The kings of Ancient Egypt are commonly referred to as ‘pharaohs’.  The word derived from ‘pr-aa’, which referred to the buildings of the palace or court.  

From the 12th Dynasty, from about 2000BC, the word appeared as part of a wish formula, ‘ Great House, may it live, prosper, and be in health’, but still only referenced the royal palace, not the person.

It was during the reign of Thutmose III (around 1479-1425BC) that ‘pharaoh’ became the form of address for he who was king.  The earliest recorded instance where ‘ pr-aa’ is used to address the ruler, is in a letter to Amenhotep IV (about 1353-1336BC), which was addressed to ‘ Pharaoh, all life, prosperity and health!

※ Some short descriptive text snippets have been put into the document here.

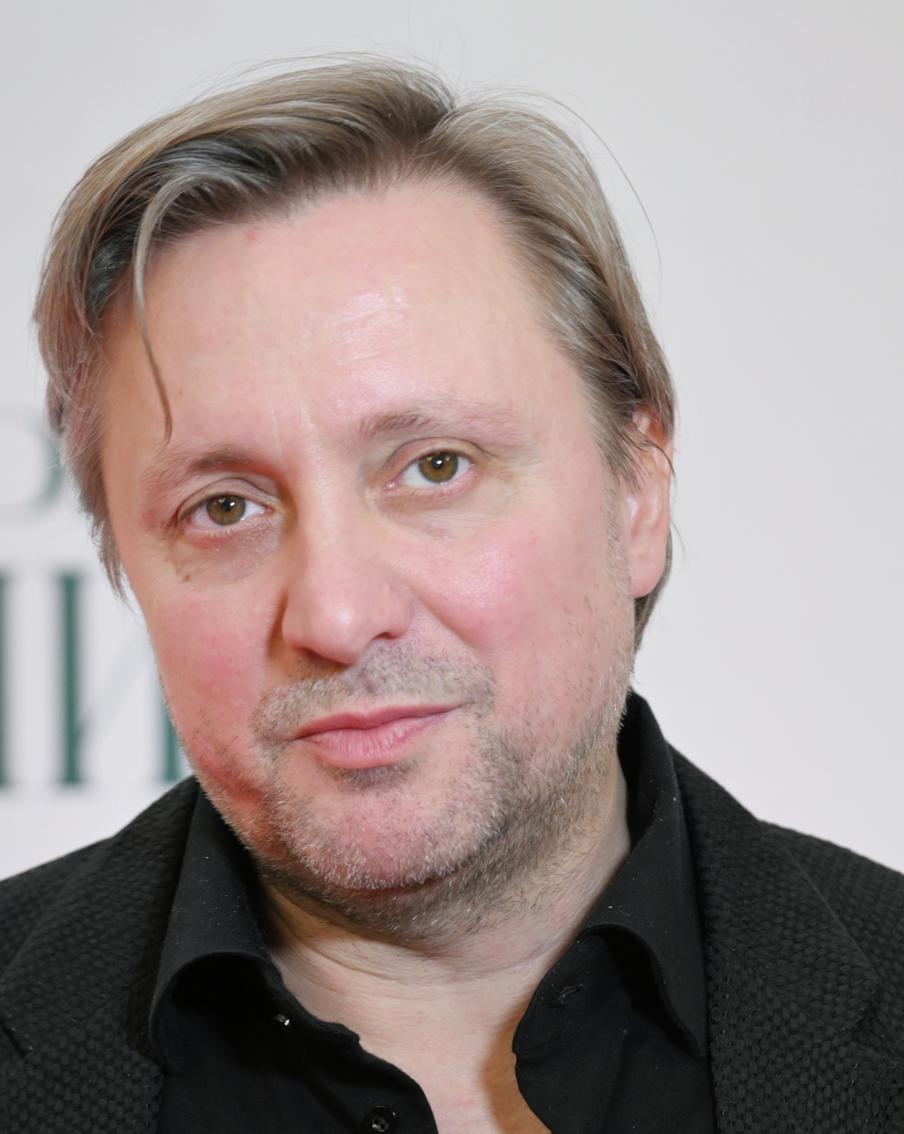 "Отец меня порол": Артём Михалков рассказал Metro о методах воспитания в семье Никиты Михалкова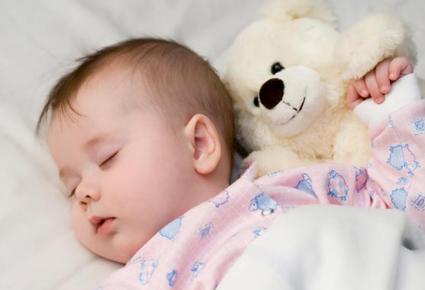 ‬ طلاب إماراتيين يبتكرون سريراً ذكياً للرُضع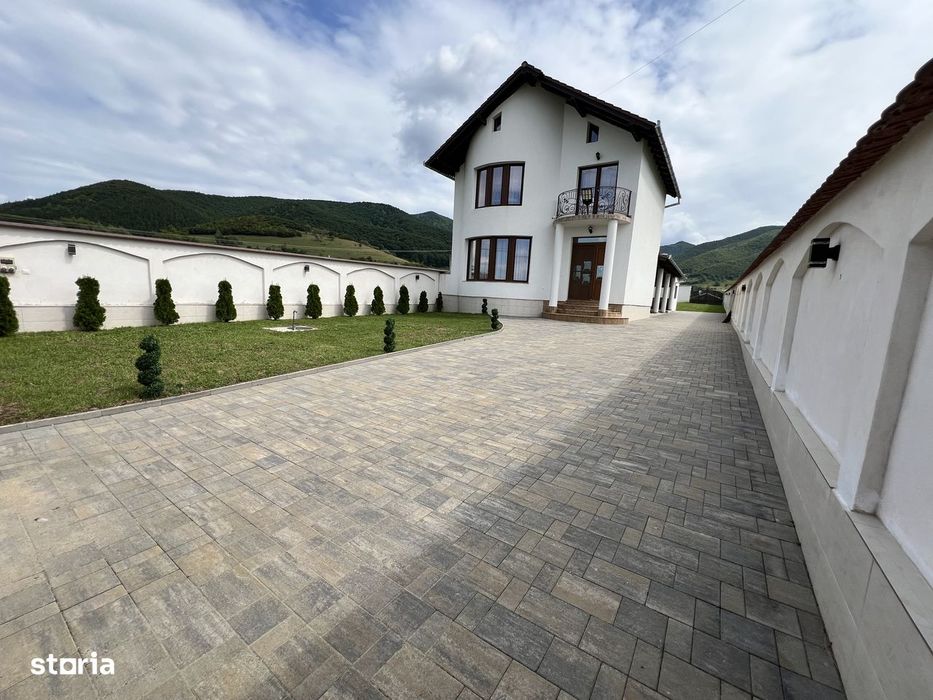 INCHIRIEZ casa individuala 5 camere,renovata,comuna Gura Raului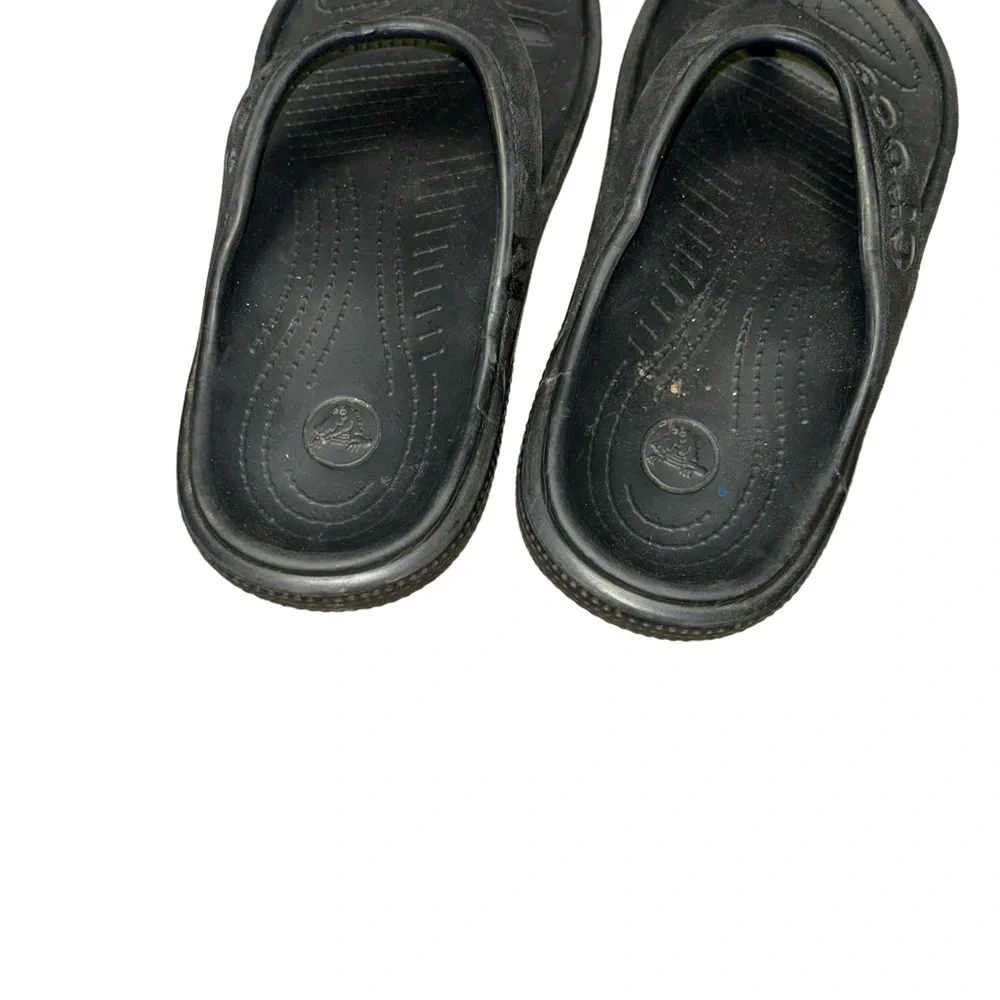 Crocs kids black baya flip flops unisex youth 1 Y1 J1 unisex sandals swim beach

From the latter half of the 5th Dynasty, the ‘Old Kingdom’, which dates roughly from 2494-2345BC, royal titles consisted of 5 titles, or ‘great names’, with each title having a specific meaning.

The HORUS-NAME, the oldest part, also referred to as the ‘banner-name’ or the ‘Ka-name’ (I’ll be talking about ‘ka’ in a later post), symbolises the king as the earthly embodiment of the god, Horus, the patron of the kings of Egypt, thus emphasising the king’s divinity.

Tombstone of Djet, with Horus name ~ Guillaume Blanchard

The design of recessed panelling under the name is still known by its Ancient Egyptian name, ‘ serekh’, which basically means ‘façade’, and refers to an ornamental decoration which imitated the floorplan of a palace façade.  Above the ‘ serekh’ is usually found the falcon of Horus.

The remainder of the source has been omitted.